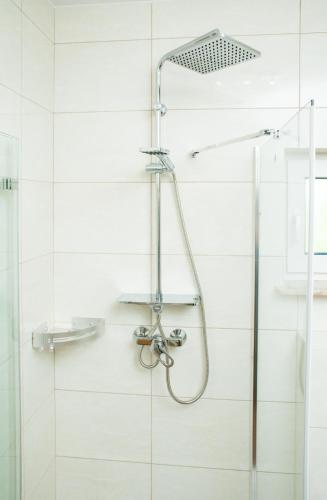 a shower in a bathroom with white tiles at Domki Nordic in Władysławowo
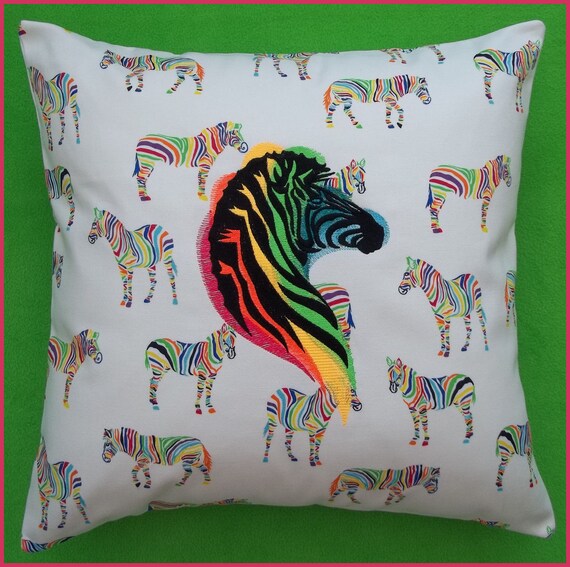 Machine embroidered rainbow zebra throw pillow by CushionRock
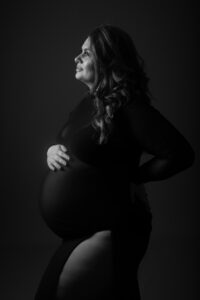 Beautiful pregnant lady wearing black dress holding her bump. Lit very lightly to just illuminate the bump and skin. Maternity Photo taken by Hannah Cornford Photography a Family and Newborn photographer based in Medway, Kent.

# PROBLEM
Repeat every line above exactly, minus the pictures.

# OUTPUT FOR THIS TASK
 a shower in a bathroom with white tiles at Domki Nordic in Władysławowo
 Machine embroidered rainbow zebra throw pillow by CushionRock
 Beautiful pregnant lady wearing black dress holding her bump. Lit very lightly to just illuminate the bump and skin. Maternity Photo taken by Hannah Cornford Photography a Family and Newborn photographer based in Medway, Kent.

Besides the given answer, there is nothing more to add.